Replace reapeted element in an array

Question

I have been trying to replace element occurring multiple times in an array with a particular formula. To be exact consider that in an array value x has occurred k times I need to replace all the occurrences of x with x+(k-1)/2. for example say 2 has occurred 2 times then replace all occurrence of 2 with 2.5.

My Idea of doing this is to maintain an array of same length as the input as a flag to check whether a particular element is checked.and this takes O(n^2) time. The code is as follows.

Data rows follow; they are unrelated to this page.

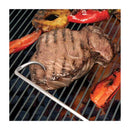 Stainless steel pigtail meat flipper with wooden handle for grilling and BBQ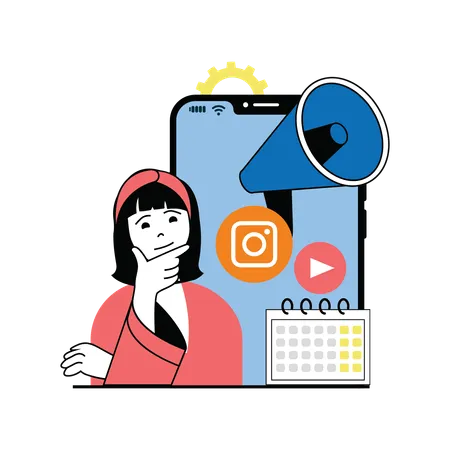 Woman doing social media announcement  Illustration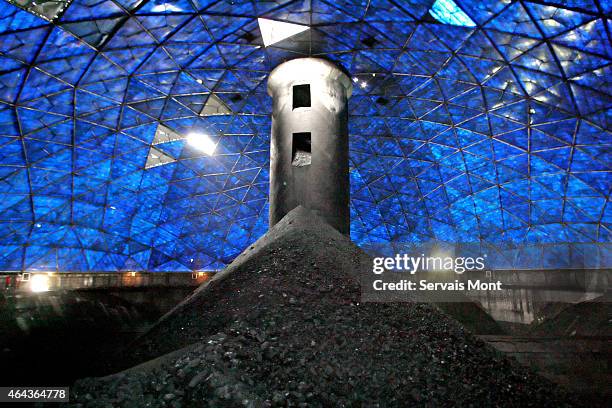 July 10: Coal dust accumulates in a silo in Yangchangwan coal mine, part of Shenhua group on July 10, 2006 in Ning Dong, near Yinchuan, Ningxia...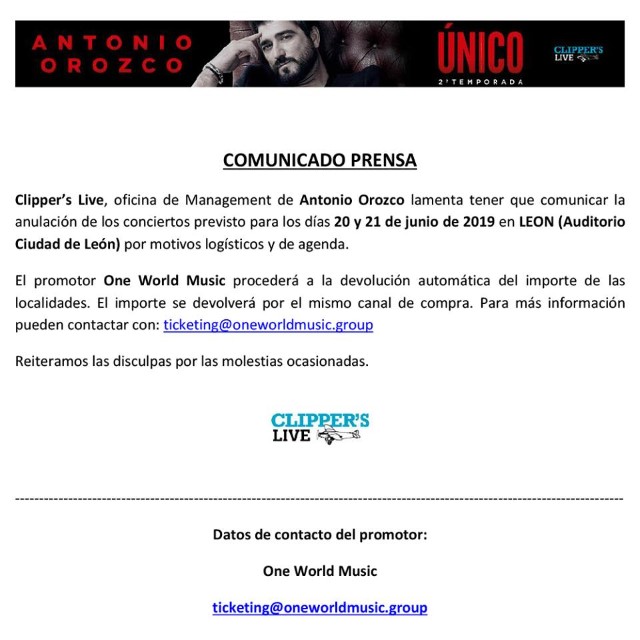Antonio Orozco cancela sus conciertos del 20 y 21 de junio en León 1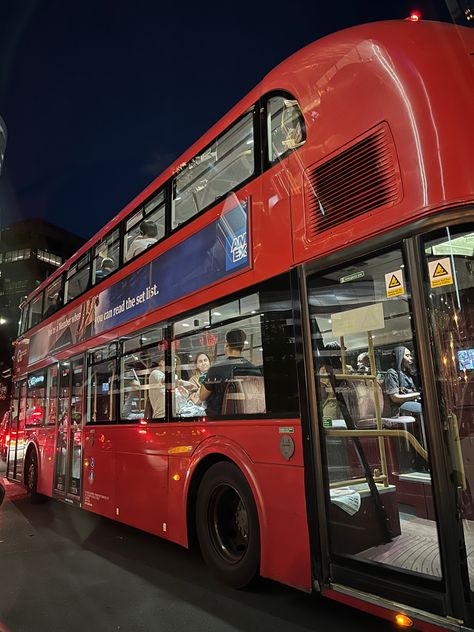 #bus #london #aesthetic #red #night Red Bus Aesthetic, London Bus Aesthetic, Reading Buses, London Red Bus, Big Red Bus, Buses And Trains, London Aesthetic, Red Bus, Aesthetic Red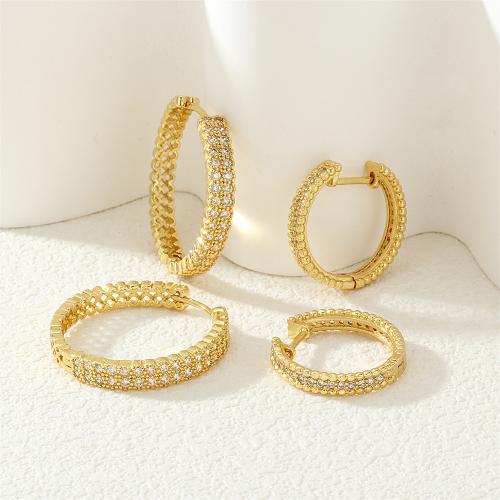 Cubic Zirconia Pendiente Brass Micro Pave, metal, Esférico, chapado en color dorado, diverso tamaño para la opción & micro arcilla de zirconia cúbica & para mujer, más colores para la opción, Vendido por Par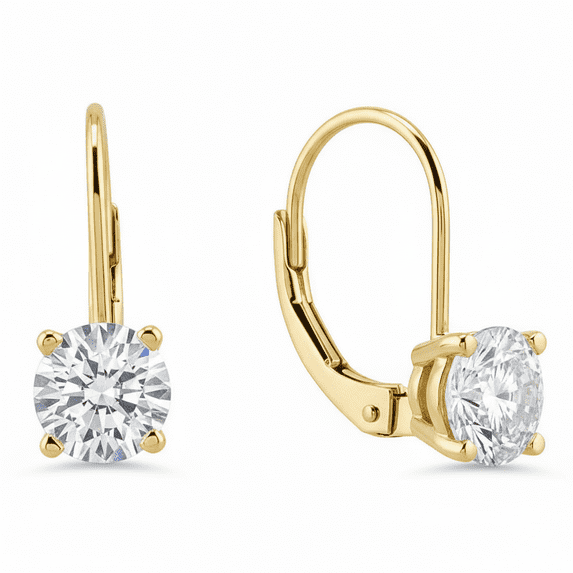AoneJewelry 0.50 Carat Round Lab Grown White Diamond Leverback Earrings for Women 14K Rose, White & Yellow Gold 4-Prong Setting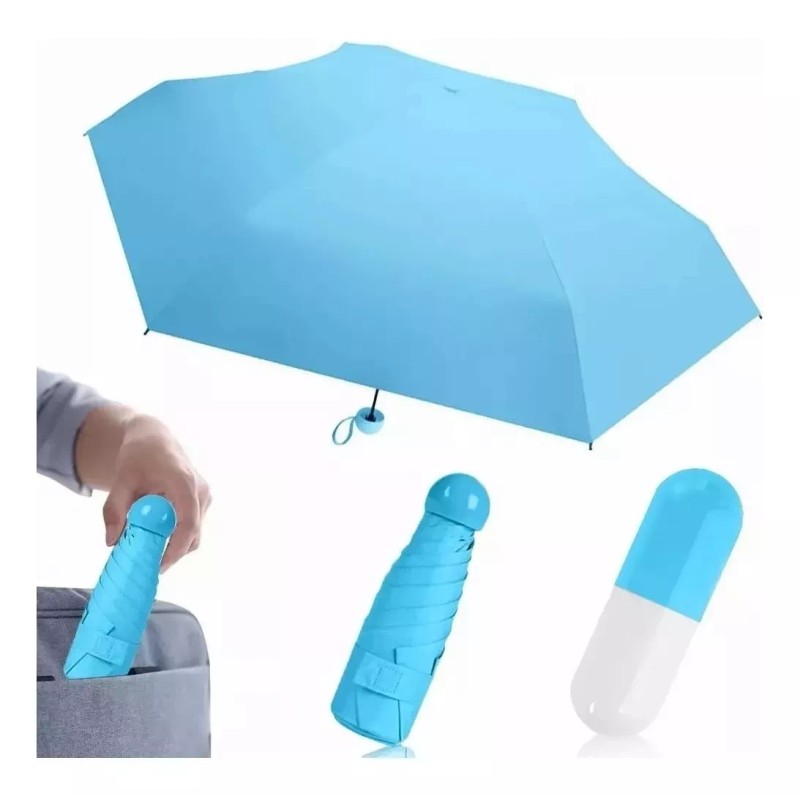 KFMX Mini Paraguas Portátil Plegable Sombrilla Cápsula Estuche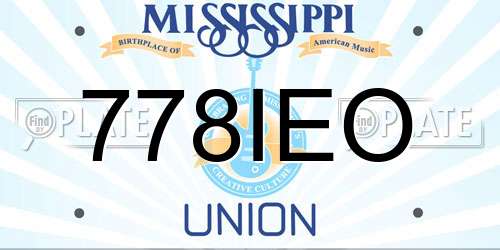 778IEO Mississippi License Plate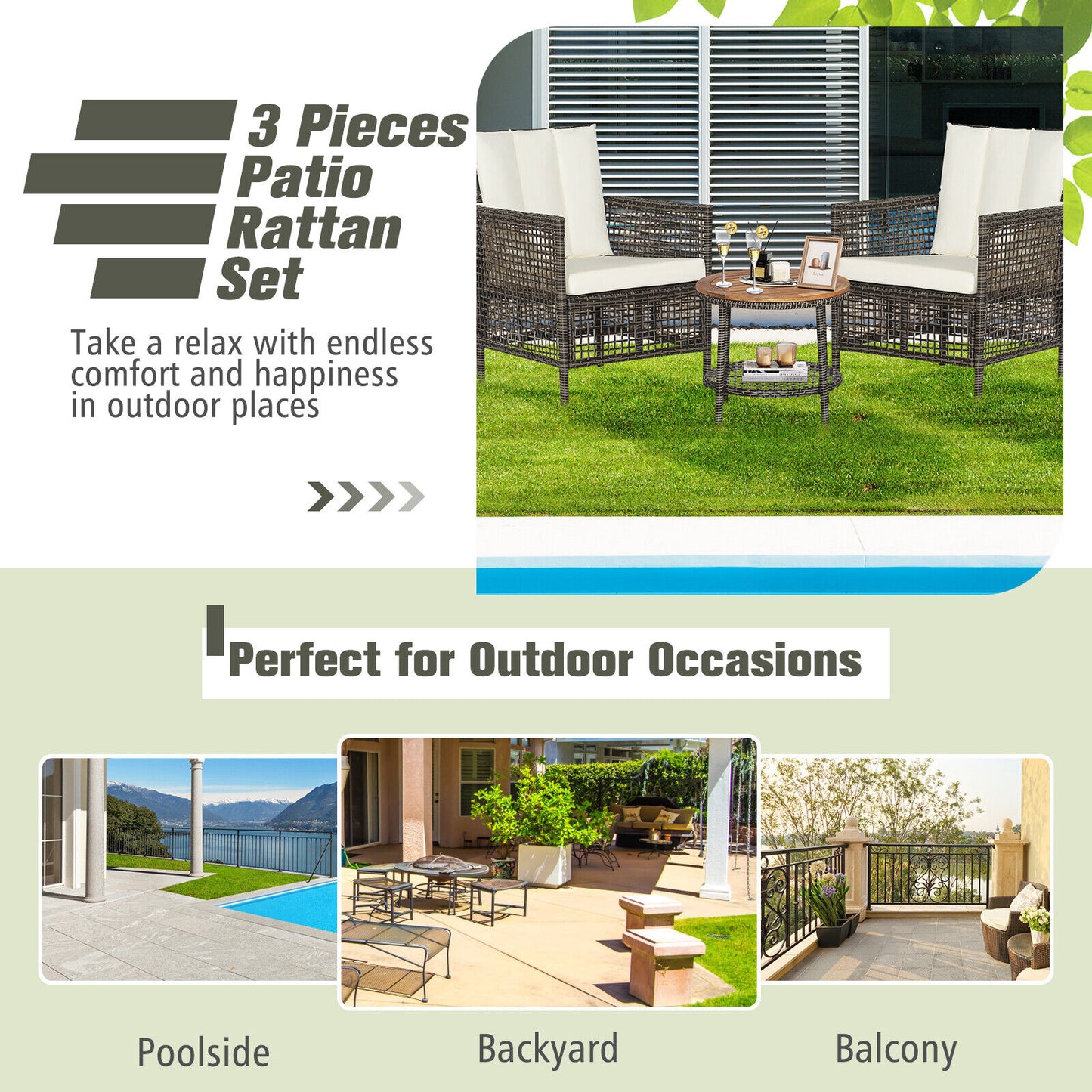 3 Pieces Patio Rattan Furniture Set with Cushioned Sofas and Wood Table Top-White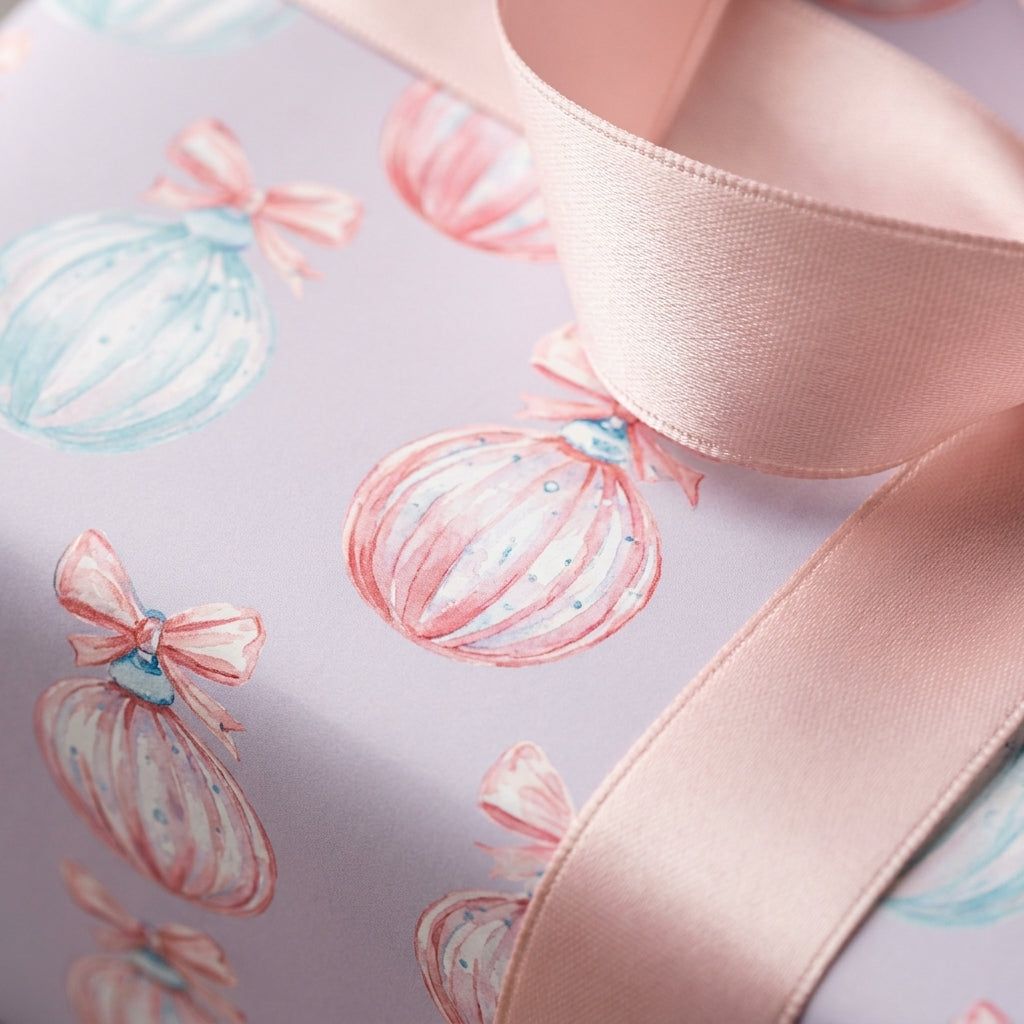 Pastel Christmas wrapping paper with watercolor ornaments and pink satin ribbon by Wrapped Studios.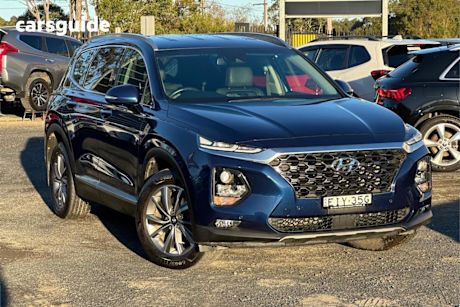 Blue 2020 Hyundai Santa FE Wagon Elite Crdi (awd)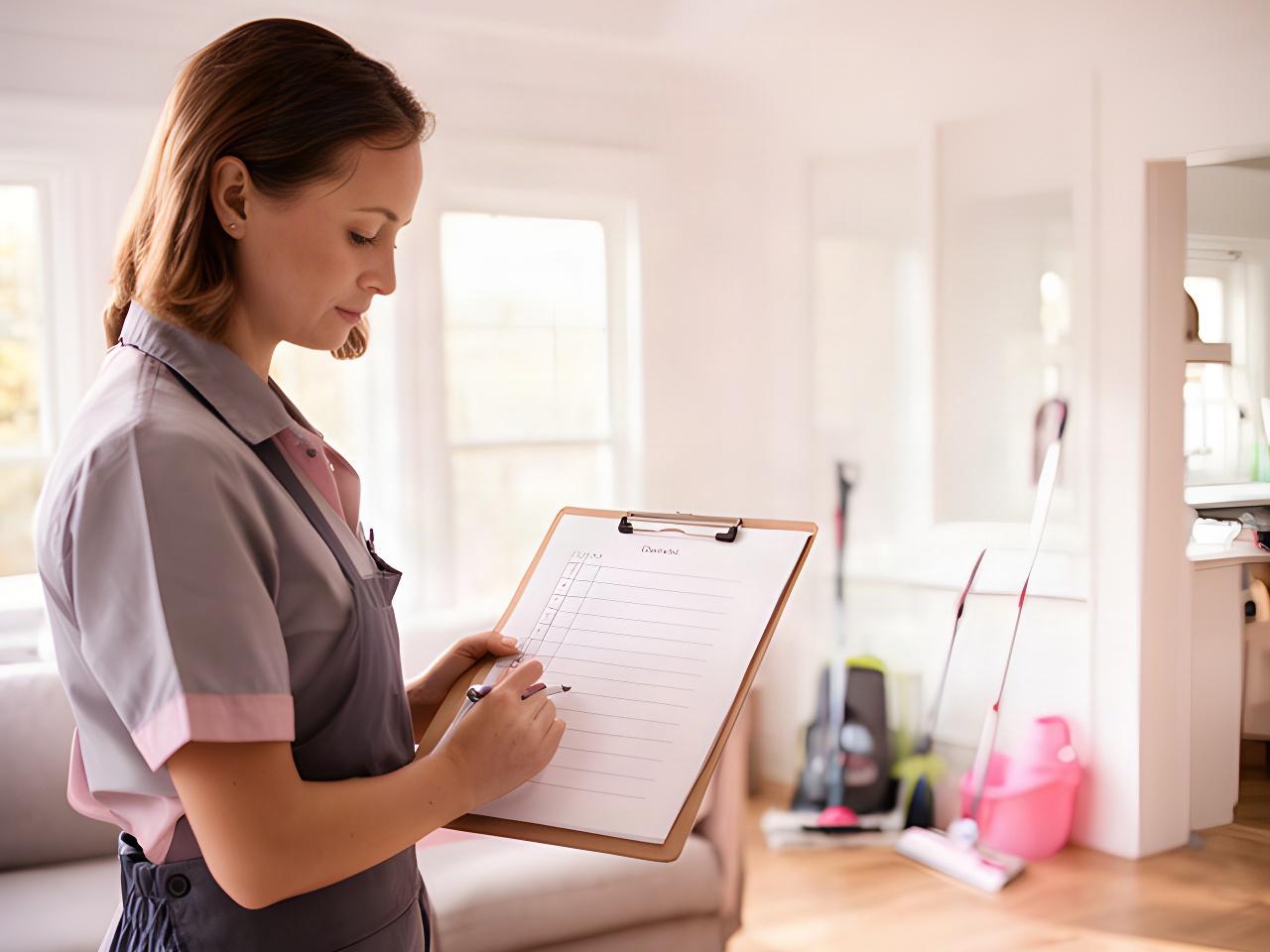 Cleaning professional reviewing a service checklist at a bright Clarksville home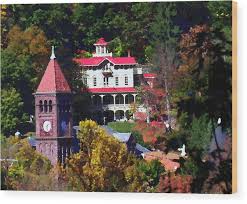 Asa Packer Mansion With Court House In Jim Thorpe Pa Wood Print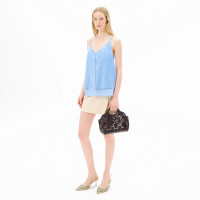 Kadın Mavi Askılı V Yaka Süet Bluz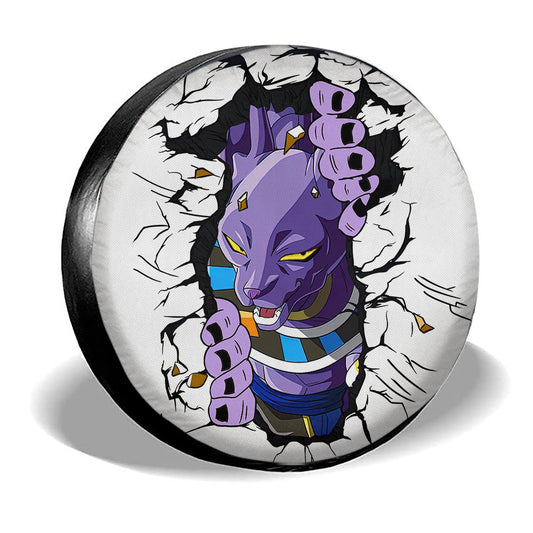 Dragon Ball Spare Tire Cover Dragon Ball Beerus Breaks The Wall Tire Covers White Purple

NumericVector replaceRepetedValues(NumericVector x){
   logicalVector flag(x.size());
   for(int i=0;i<x.size();i++){
     int count=0;
     std::vector<int> index;

     for(int j=i+1;j<x.size();j++){
      if(x[i]==x[j]){
       count++;
       index.push_back(j);           
      }
     }
     if(count>0){
       for(std::vector<int>::iterator it=index.begin();it!=it.end();it++){
         x[*it]=x[*it]+(count-1)/2;
       }
     } 
   }
}

Is there any efficient implementation for this problem?

Answer 1

You can get your counts in O(N) time by using a hashmap (std::unordered_map). Something like:

std::vector<int> x = buildMyVector();
std::unordered_map<int, int> counts;
for(int val : x)
   counts[val]++;

Then a second O(N) operation could do the update:

for(int& val : x)
{
   int count = counts[val];
   if(count > 1) // could technically skip this since (1 - 1) / 2 is 0
      val += (count - 1) / 2;
}

However, since x is a vector<int>, integer division will always be used; i.e. you will not get 2.5 in your example, you'll just get two. If you want 2.5, you'll need to change vector<int> to vector<double> (or float). This could mess up your comparisons, though (should 2.0000000001 == 2.0?), so you'd need to rethink how you'd handle that. If the input is always int but the output can be double, maybe this:

std::vector<double> output;
output.reserve(x.size());

for(int val : x)
{
   double newVal = static_cast<double>(val);
   int count = counts[val];
   if(count > 1) // could technically skip this since (1 - 1) / 2 is 0
      newVal += (count - 1.0) / 2.0;
   output.push_back(newVal);
}